The momentum in medicine is toward doing more, not less. And this momentum carries over into our scheduling, our ordering of labs and procedures, our billing, and even our ethics. Let me illustrate with a pertinent case. I was recently attending on the inpatient medical wards. A frail, elderly gentleman with advanced dementia and a bad heart came in from his nursing home because he had passed out. We quickly learned from the electronic medical record that this was not a unique occurrence. He had, in fact, come into the hospital several times in the last year for the same thing. He had also been thoroughly evaluated by his heart doctors who felt that the problem was his heart; but owing to his advanced age and late-stage dementia, implanting a pacemaker would likely cause more harm than good. Could they do it? Of course! But the question in the minds of the cardiologists was this: to what end do we implant a pacemaker? The patient already suffered greatly, and his death was imminent. A pacemaker might keep his heart going but it wouldn’t solve any of the other problems that were ushering him closer and closer to the grave. The medical residents on my team, however, seemed almost incapable of conceiving of death as inevitable; if there was something that could be done to delay death, why not do it? And they are not unique in thinking this way.

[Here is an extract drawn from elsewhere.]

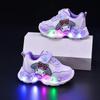 Sanrio Kuromi Child Casual Shoes New Led Light Sneakers Water Proof Plus Velvet Snow Boots Kids Anti-Slip Running Shoes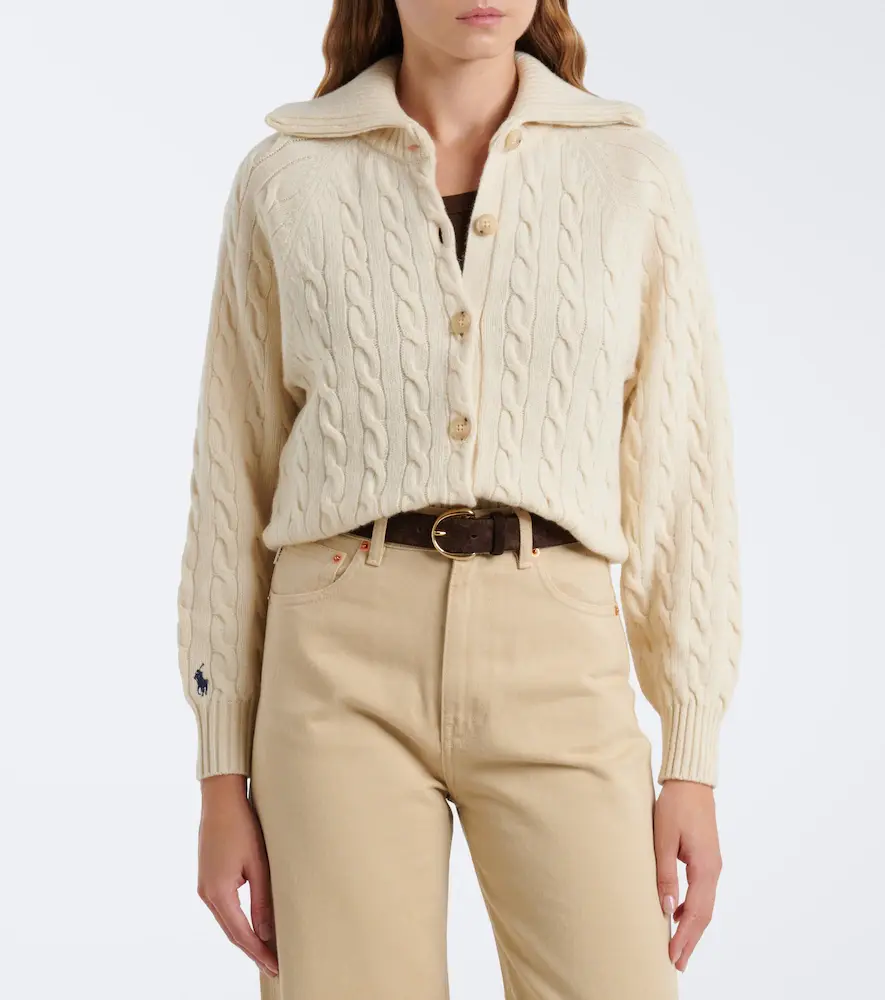 Polo Ralph Lauren Cable-knit wool and cashmere cardigan | Thumbnail 2 Polo Ralph Lauren Cable-knit wool and cashmere cardigan | Thumbnail 2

Another challenge to a conceptual shift in thinking about death is the fragmentation of community. The art of dying I described above was practiced within the context of communities that remained relatively intact over the course of a lifetime. But modern life isn’t this way. In the US, at least, it is fairly safe to say that we lack societal consensus about the meaning of life and death, that we lack a common existential narrative. And we don’t do a great job of fostering dialogue about these subjects either. So we are left with patients and clinicians – like the medical residents on my team – who fill this void with life-prolonging technology rather than complicated and time-consuming conversations about meaning and death. My hope is that this book will stimulate intentional conversation within communities about their common narrative and the preparation for death.

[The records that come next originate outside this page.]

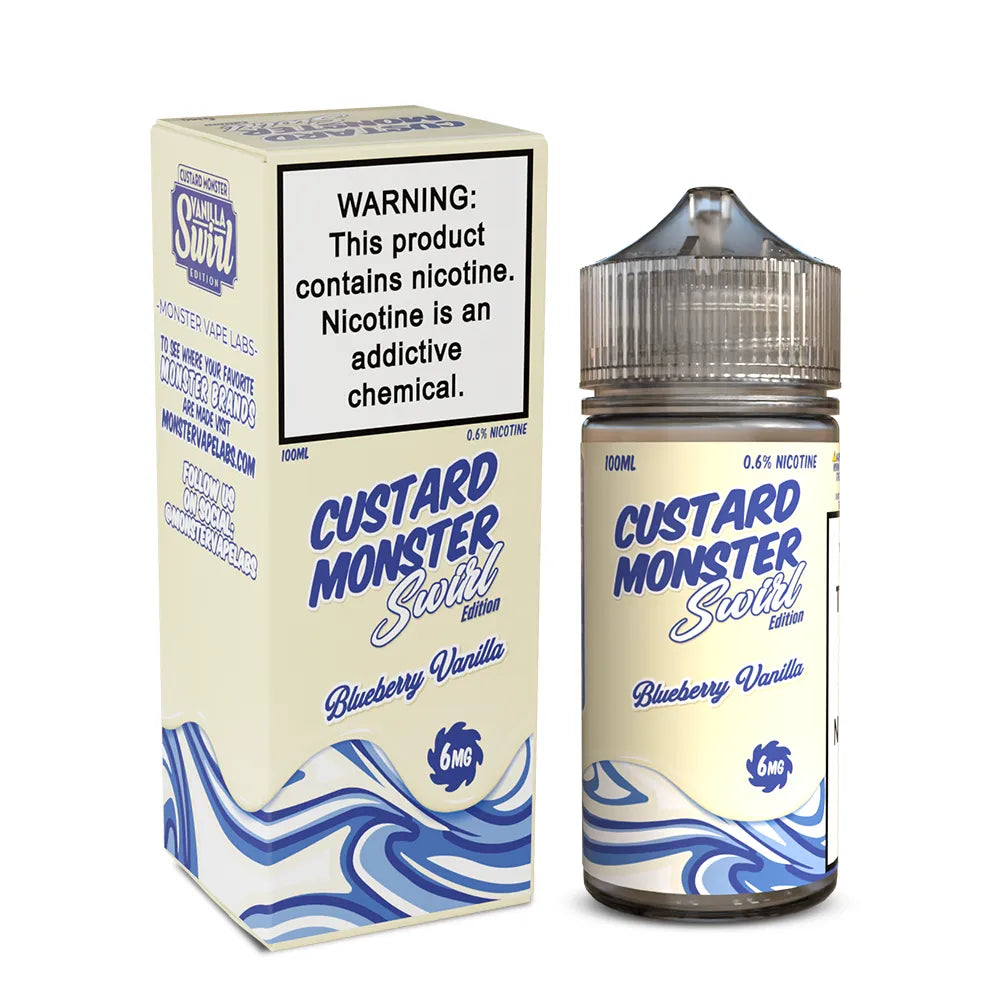 Custard Monster Swirl - Blueberry Vanilla 100mL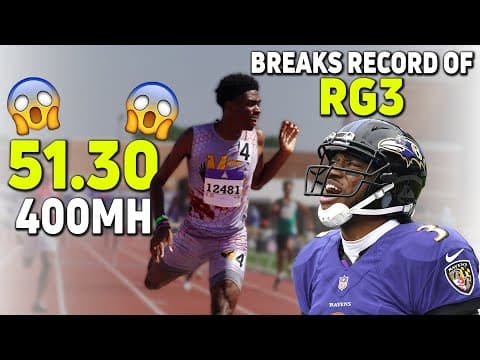 High School Sophomore Breaks Robert Griffin III's Nearly Two Decades-Old 400mH National Record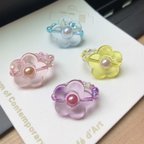 作品4点セット♡キッズ用⭐︎お花の指輪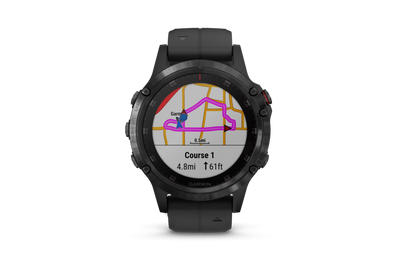 Garmin Fenix ​​5 Plus Sapphire Black avec bracelet noir (010-01988-00)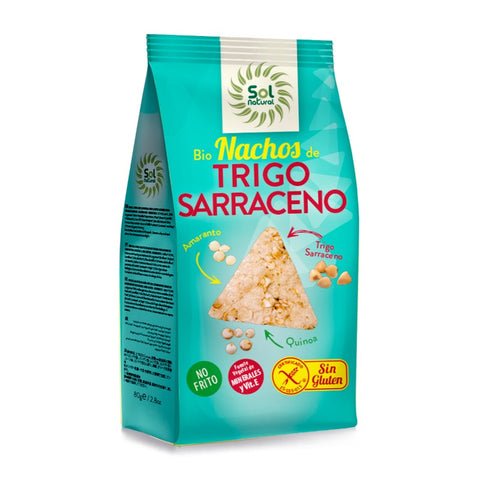Comprar online NACHOS TRIGO SARRACENO AMARANTO Y QUINOA 80 g de SOLNATURAL. Imagen 1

Death is not something that any one of us is going to escape; it is inevitable. The original Ars Moriendi was developed to facilitate the communal preparation for death. In our efforts to eradicate disease and prolong our earthly lives we have put off coming to terms with the fact that our time here on earth is finite. If we are to usher in a new era of the Ars Moriendi it will require that we recognize our limitations, acknowledge that the prolonging of life does not necessarily enhance the quality of life, and draw upon the richness of the various religious traditions that have previously, and still can, offer us guidance in the arts of both living and dying well.